* **EXERCISE GOAL**: What does the data read, word for word, from the line containing "Referee John Brooks" through its final line? Give those lines only.
-*-*-
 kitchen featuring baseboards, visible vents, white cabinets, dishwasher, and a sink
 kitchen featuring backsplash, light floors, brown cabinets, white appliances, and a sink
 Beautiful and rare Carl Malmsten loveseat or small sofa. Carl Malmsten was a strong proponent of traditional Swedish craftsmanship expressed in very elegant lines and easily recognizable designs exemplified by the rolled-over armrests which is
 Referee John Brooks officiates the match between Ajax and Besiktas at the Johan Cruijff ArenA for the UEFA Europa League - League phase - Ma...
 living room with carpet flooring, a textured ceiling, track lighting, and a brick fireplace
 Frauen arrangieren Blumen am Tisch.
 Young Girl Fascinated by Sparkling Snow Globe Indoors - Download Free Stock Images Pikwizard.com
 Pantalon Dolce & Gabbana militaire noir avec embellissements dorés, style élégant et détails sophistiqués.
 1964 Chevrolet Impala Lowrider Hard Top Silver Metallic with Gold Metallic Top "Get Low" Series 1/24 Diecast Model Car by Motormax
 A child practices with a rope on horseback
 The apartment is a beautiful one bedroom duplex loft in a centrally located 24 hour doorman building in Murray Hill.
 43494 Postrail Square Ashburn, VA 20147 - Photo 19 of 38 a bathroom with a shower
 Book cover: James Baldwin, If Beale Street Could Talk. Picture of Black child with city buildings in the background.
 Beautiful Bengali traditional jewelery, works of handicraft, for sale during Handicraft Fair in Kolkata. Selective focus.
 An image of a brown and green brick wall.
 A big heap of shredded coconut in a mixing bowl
-*-*-
* **SOLUTION TO THIS TASK**:
 Referee John Brooks officiates the match between Ajax and Besiktas at the Johan Cruijff ArenA for the UEFA Europa League - League phase - Ma...
 living room with carpet flooring, a textured ceiling, track lighting, and a brick fireplace
 Frauen arrangieren Blumen am Tisch.
 Young Girl Fascinated by Sparkling Snow Globe Indoors - Download Free Stock Images Pikwizard.com
 Pantalon Dolce & Gabbana militaire noir avec embellissements dorés, style élégant et détails sophistiqués.
 1964 Chevrolet Impala Lowrider Hard Top Silver Metallic with Gold Metallic Top "Get Low" Series 1/24 Diecast Model Car by Motormax
 A child practices with a rope on horseback
 The apartment is a beautiful one bedroom duplex loft in a centrally located 24 hour doorman building in Murray Hill.
 43494 Postrail Square Ashburn, VA 20147 - Photo 19 of 38 a bathroom with a shower
 Book cover: James Baldwin, If Beale Street Could Talk. Picture of Black child with city buildings in the background.
 Beautiful Bengali traditional jewelery, works of handicraft, for sale during Handicraft Fair in Kolkata. Selective focus.
 An image of a brown and green brick wall.
 A big heap of shredded coconut in a mixing bowl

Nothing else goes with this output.